Это довольно простая картина с всадником на коне, но Бонёр и здесь раскрывает себя как художник, которого больше интересуют животные. Коди смотрит в сторону, вероятно по старой памяти изображая следопыта, но его белая лошадь смотрит нам прямо в глаза.
Конный портрет Буффало Билла работы Бонёр стал американской иконой. Коди немедленно отправил картину своей жене. Через много лет, узнав, что его дом в штате Небраска охвачен пожаром, он телеграфировал ей: «Спаси Розу Бонёр, остальное пусть горит!»

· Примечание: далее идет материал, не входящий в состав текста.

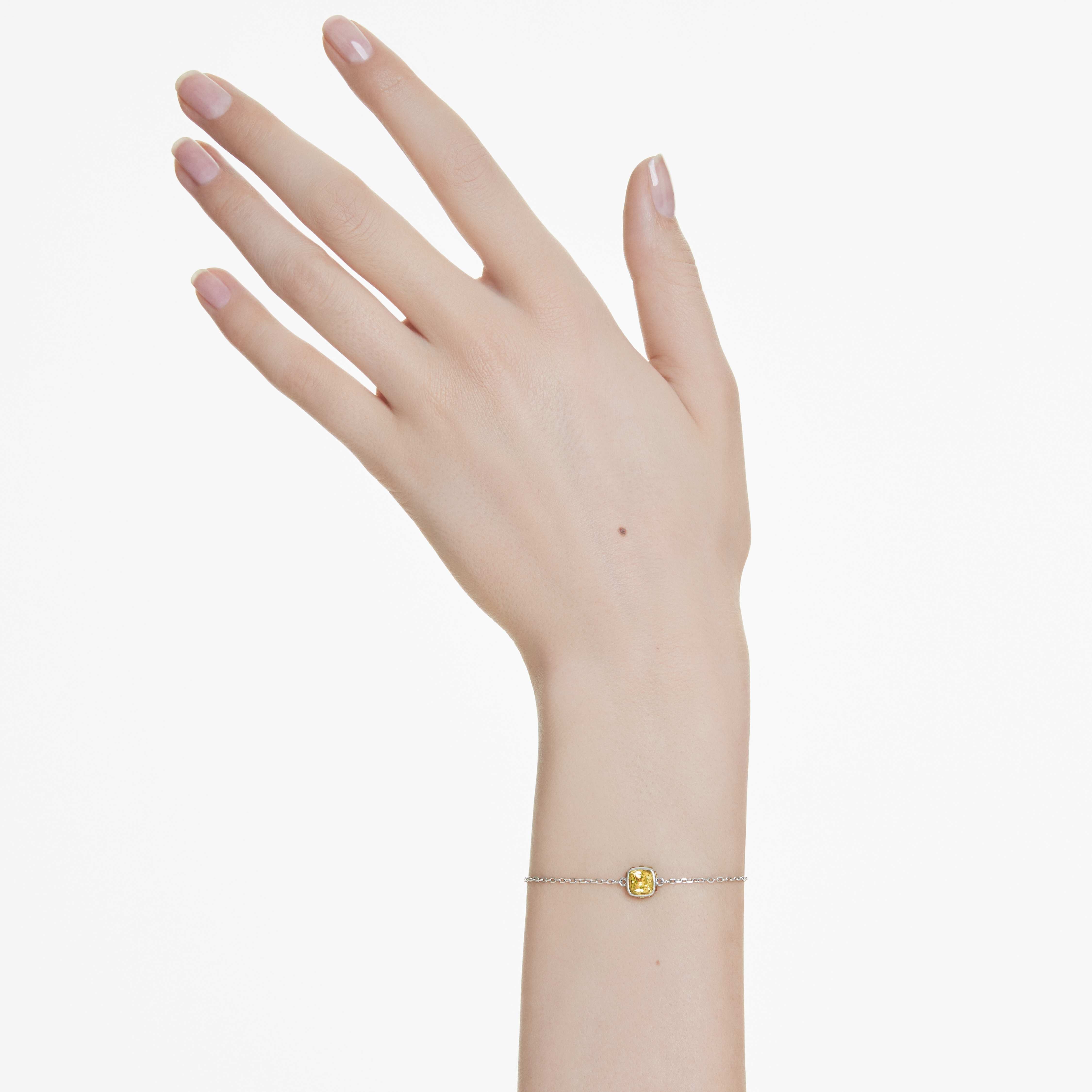 swarovski سوار birthstone، قطع مربع، november، لون أصفر، طلاء روديوم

Буффало Билл воплощал в себе все, на чем стояла Америка, – неудивительно, что он так заинтересовал Бонёр. Она считала себя прогрессивной женщиной американского толка. «Если Америка выступает в авангарде современной цивилизации, – говорила она, – то причиной тому удивительно разумные методы воспитания дочерей и уважение к своим женщинам». В свою очередь, Америка отвечала Бонёр симпатией. Американские девочки играли с куклами «Роза Бонёр» так же увлеченно, как сто лет спустя их сверстницы будут мечтать о куклах в виде Ширли Темпл.
* * * * *
Войдя через парадные двери Метрополитен-музея в величественный главный зал, я сразу начала искать взглядом «Ярмарку лошадей» Бонёр. Здесь, в Манхэттене, эта висевшая высоко над головой картина напомнила двадцатилетней девушке из маленького городка, откуда она родом, – я вспомнила Монтану и маленький загон за домом, где мы держали лошадей. В произведениях искусства, на которых я выросла, – в работах Рассела, Ремингтона, Кёртиса – лошади часто выступали как символ уходящего в прошлое образа жизни.

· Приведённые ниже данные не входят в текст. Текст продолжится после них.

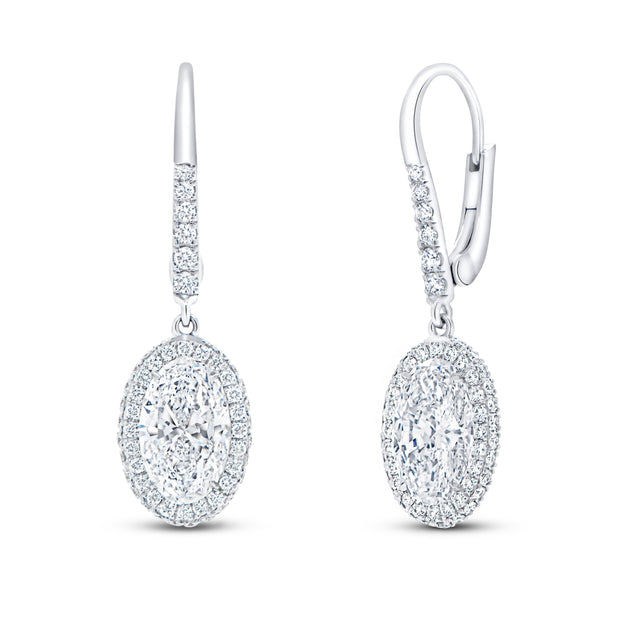 Uneek Signature Collection Halo Oval Shaped Diamond Dangle Earrings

Роза Бонёр. Ярмарка лошадей. 1852–1855
Внушительные конские фигуры Бонёр совсем не походили на стройных мустангов и скакунов породы аппалуза, которых я с детства привыкла видеть на холсте и в реальной жизни. Ее мускулистые французские першероны были такими же тяжелыми, плотскими и эротичными, как персонажи картин Рубенса и Ренуара в галереях наверху. И все-таки в них чувствовалось что-то свое, домашнее. Проходить под ними было радостно и уютно – они вроде как напутствовали меня, помогая поверить, что я на своем месте.
Конечно, я не была первой, на кого «Ярмарка лошадей» произвела огромное впечатление. Масштабное полотно Бонёр (244×488 см) считалось одной из самых известных и любимых картин своего времени. Впервые выставленная на Парижском салоне 1853 года «Ярмарка лошадей» мгновенно завоевала сердца зрителей и признание критиков, что сделало Розу Бонёр – которой тогда был тридцать один год – мировой знаменитостью.
Законченная картина произвела эффект, подобный падению пушечного ядра, причем ядро угодило в самую гущу художественной элиты. Мощные формы великолепных сильных животных, их зады, бока и круто изогнутые шеи создают на монументальном полотне Бонёр захватывающий ритм. Любимая императором французская порода здесь представлена во всей своей бурной славе. Движения царственных животных настолько сильны и порывисты, что земля под их тяжелыми копытами взвивается пылью. Подчеркнуто ритмично мелькают белые и синие рубахи конюхов, чьи фигуры кажутся утрированно маленькими на фоне огромных скакунов.